Could you restate word for word only the lines below from the one holding "Shahid Kapoor At" to the one holding "DellaRows online show from July 14, 5:23 am", inclusive, and leave out the pictures?
(Beginning of EXERCISE INPUT)
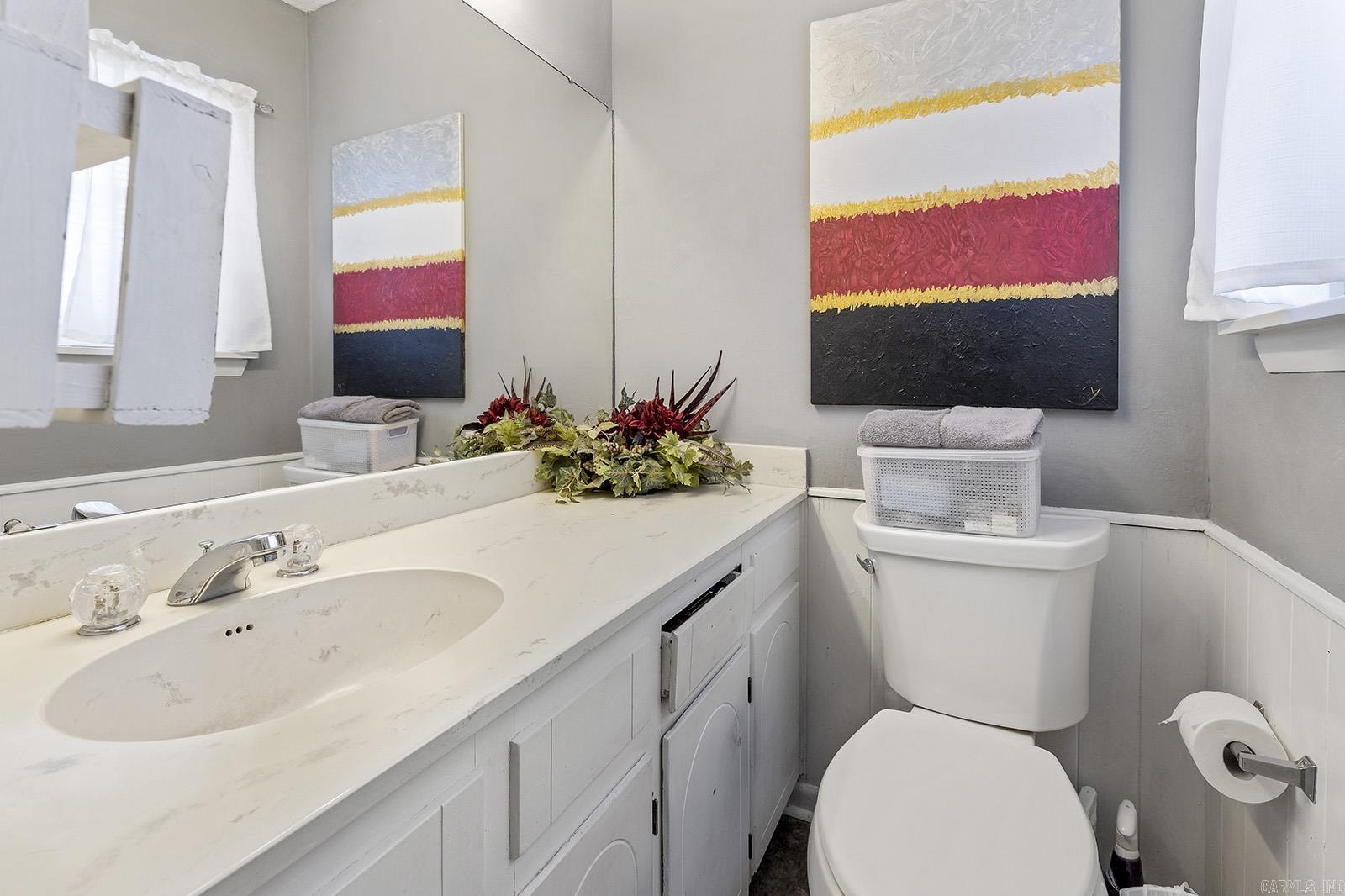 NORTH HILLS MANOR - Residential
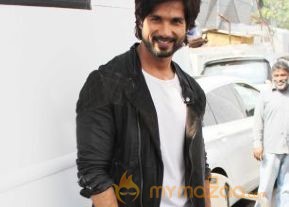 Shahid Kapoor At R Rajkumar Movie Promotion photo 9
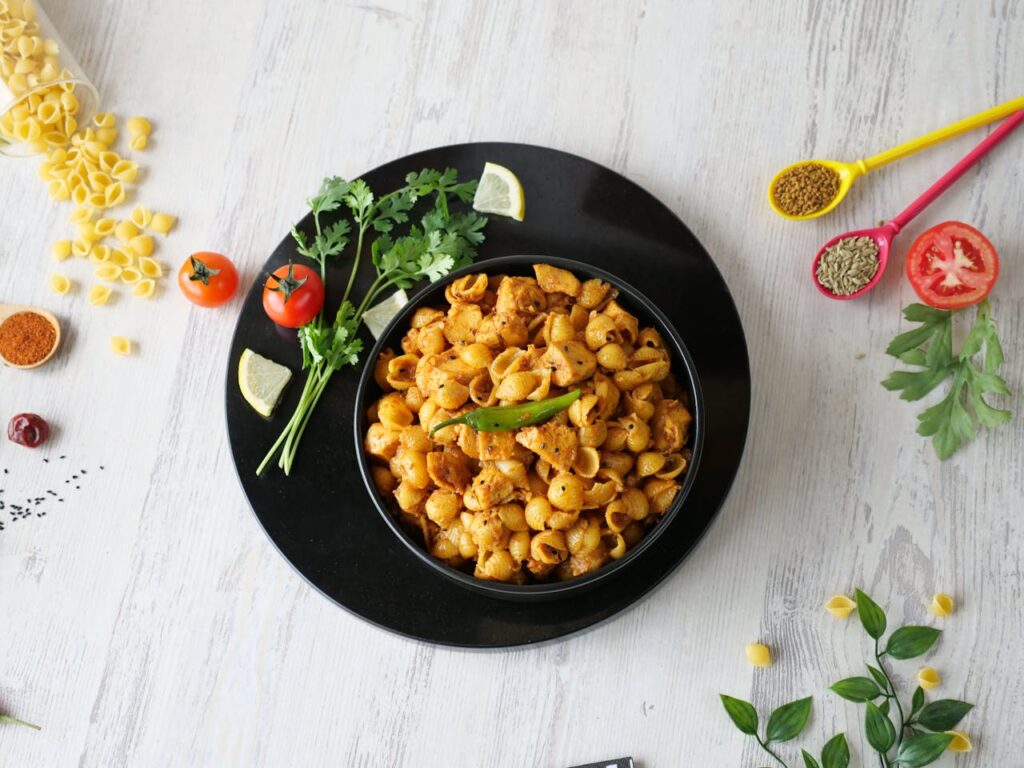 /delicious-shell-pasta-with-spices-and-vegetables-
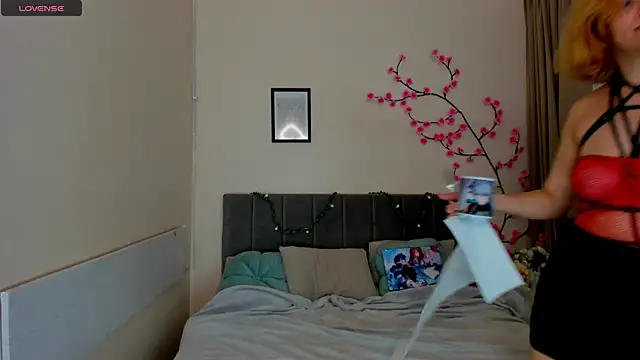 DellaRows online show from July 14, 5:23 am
(End of EXERCISE INPUT)
(Beginning of EXERCISE INPUT)
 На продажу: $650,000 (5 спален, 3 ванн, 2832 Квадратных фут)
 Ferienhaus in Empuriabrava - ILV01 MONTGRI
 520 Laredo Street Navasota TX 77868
(End of EXERCISE INPUT)
(Beginning of EXERCISE INPUT)
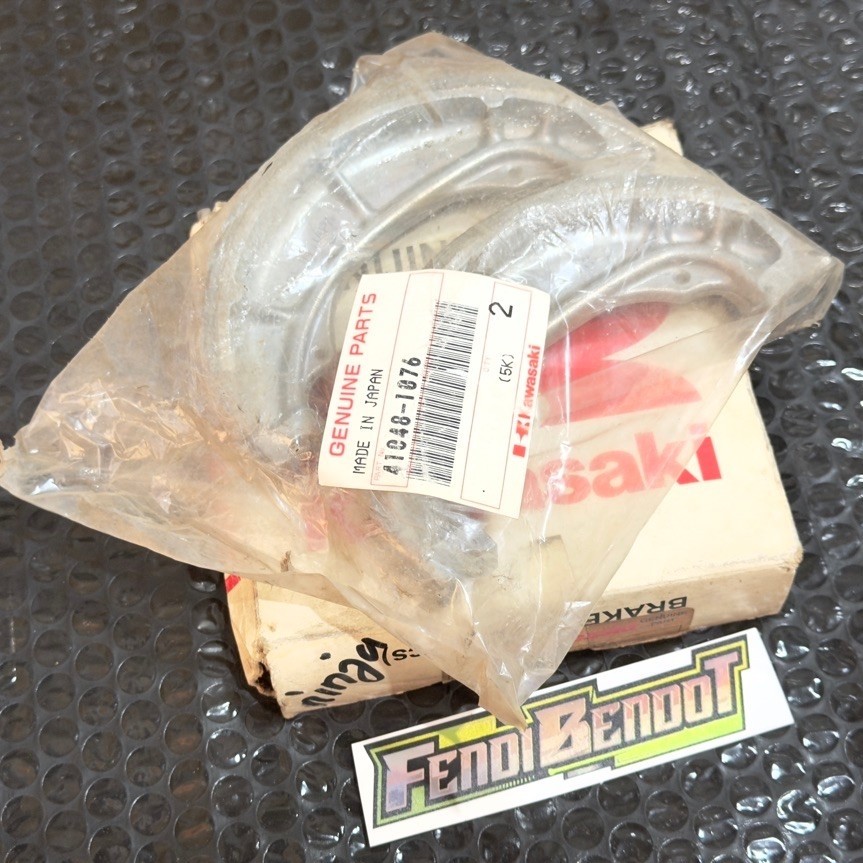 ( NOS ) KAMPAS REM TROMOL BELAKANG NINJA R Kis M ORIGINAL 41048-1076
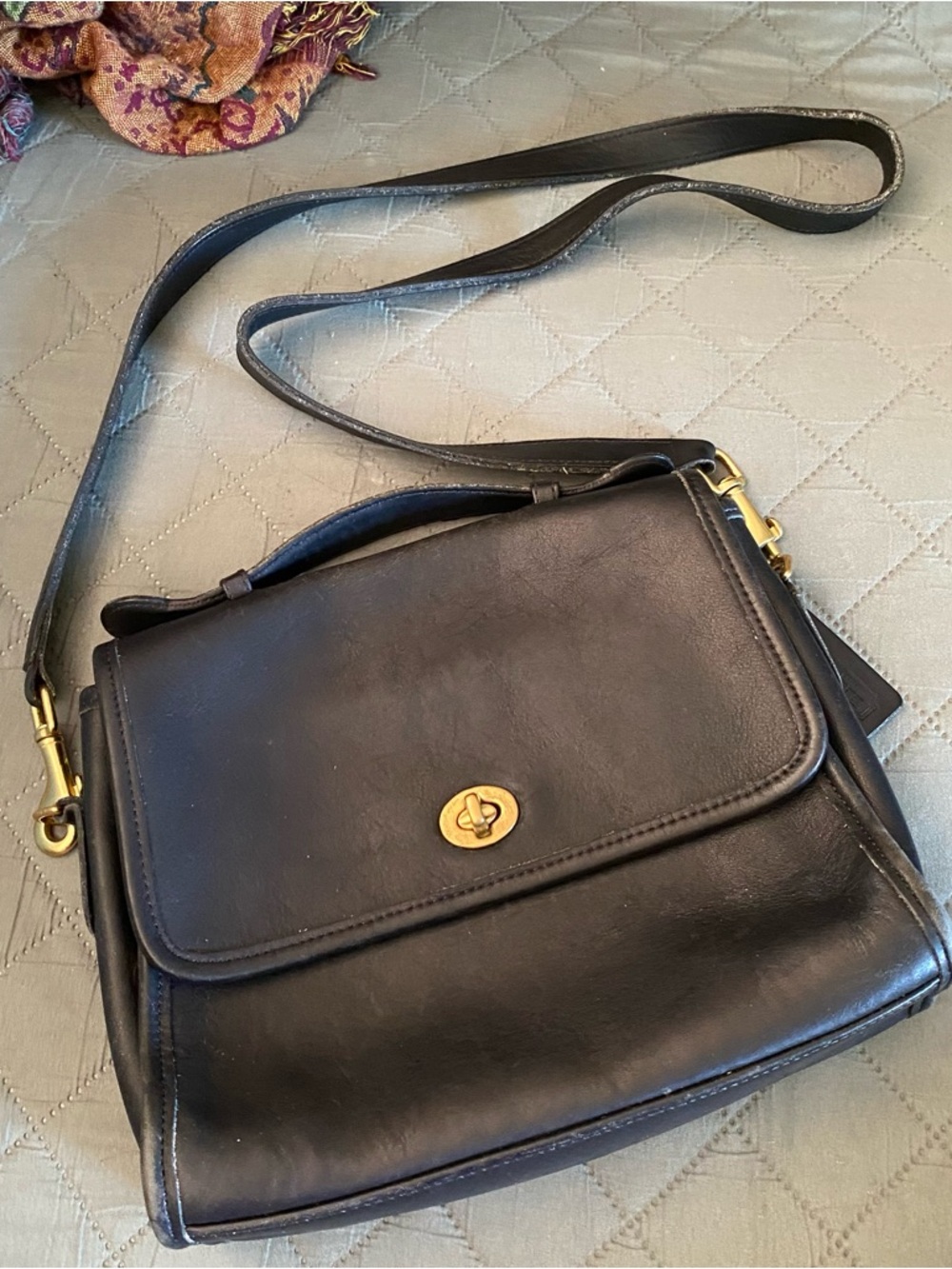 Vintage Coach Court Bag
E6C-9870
(End of EXERCISE INPUT)
▶ RESULT FOR THIS TASK
 Shahid Kapoor At R Rajkumar Movie Promotion photo 9
 /delicious-shell-pasta-with-spices-and-vegetables-
 DellaRows online show from July 14, 5:23 am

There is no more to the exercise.